Python advanced data structure - collections

Posted by All about Python on December 1, 2016

Python advanced data structure - collections

In Python, dict, list, set and tuple are commonly used data structures. Other than these, Python also has several useful built-in data structures in its collections module, e.g., OrderedDict, Counter, deque. Let’s take a look at their behavior and sample usage.

OrderedDict()

  • How to define a OrderedDict : OrderedDict( [(key1, value1), (key2, value2)] )

  • Difference with dict: dict is un-ordered data structure. When you want to iterate key value pairs based on their sequence in the dict

  • Example

from collections import OrderedDict

items = (
    ('d', 4),
    ('a', 1),
    ('b', 2),
    ('c', 3),
)

regular_dict = dict(items)
ordered_dict = OrderedDict(items)

print 'regular_dict:'
for k, v in regular_dict.items():
    print k, v

print 'ordered_dict:'
for k, v in ordered_dict.items():
    print k, v

Result:

regular_dict:
a 1
c 3
b 2
d 4
ordered_dict:
d 4
a 1
b 2
c 3

Note the OrderedDict will iterate the elements with the sequence when the OrderedDict was defined. On the other hand, for dict, since there is no sequence of the key-value paire, the iteration is also not ordered.

Counter()

Assume you have a list and you want to get the statistics of the elements in the list, for example, total number of item counts, the item that most frequently shows in the list, etc. Then you may use Counter() in collections to get these stats.

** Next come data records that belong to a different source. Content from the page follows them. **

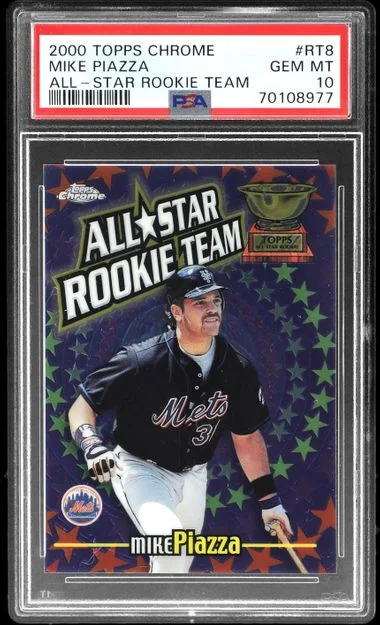 2000 Topps Chrome Mike Piazza All-Star Team #RT8 card image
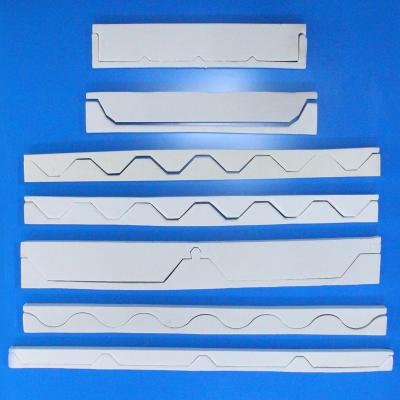 China Durable Color Steel Tile Foam Sealing Device Windproof Steel Structure Roof Water Baffle Construction Multi-pattern Steel Edge Metal Plug Steel Edge for sale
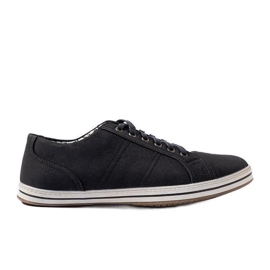 Inna Black elegant men's Brianza sneakers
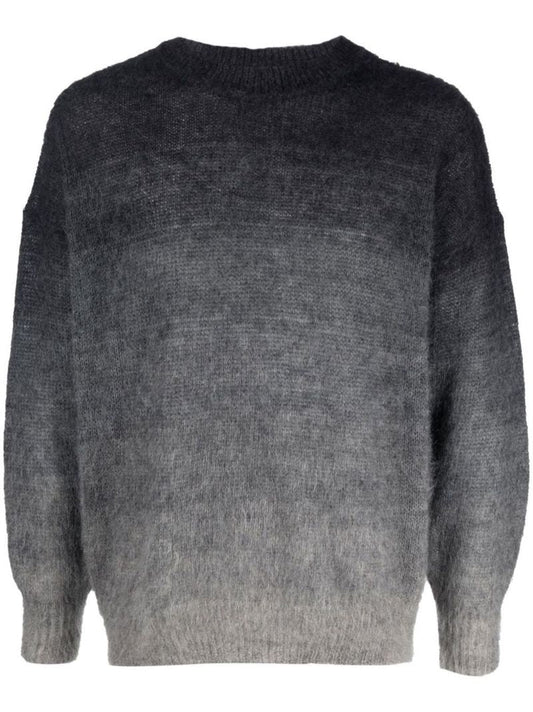 Grey Gradient Effect Knitted Sweater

  • Example: get the item counts
from collections import Counter
 
li = ["Roundness", "Square", "Triangle", \
"Roundness", "Roundness", "Square"]
a = Counter(li)
 
print a
print "{0} : {1}".format(a.values(),a.keys())
 
print(a.most_common(2)) 

Result:

Counter({'Roundness': 3, 'Square': 2, 'Triangle': 1})
[3, 1, 2] : ['Roundness', 'Triangle', 'Square']
[('Roundness', 3), ('Square', 2)]

deque()

deque stands for “double-ended queue”. It implements the fast append and pop element from the head.

In list, we can also do

l.insert(0, v)
l.pop(0)

But the time complexity of methods call above will be O(n), which is linear increasing to the number of elements in list. For deque, the time complexity of inserting and poping is O(1).

  • Example
from collections import deque

q = deque(['a', 'b', 'c'])
q.append('x')
q.appendleft('y')
q.popleft()
q.popleft()
print (q)

Result:

deque(['b', 'c', 'x'])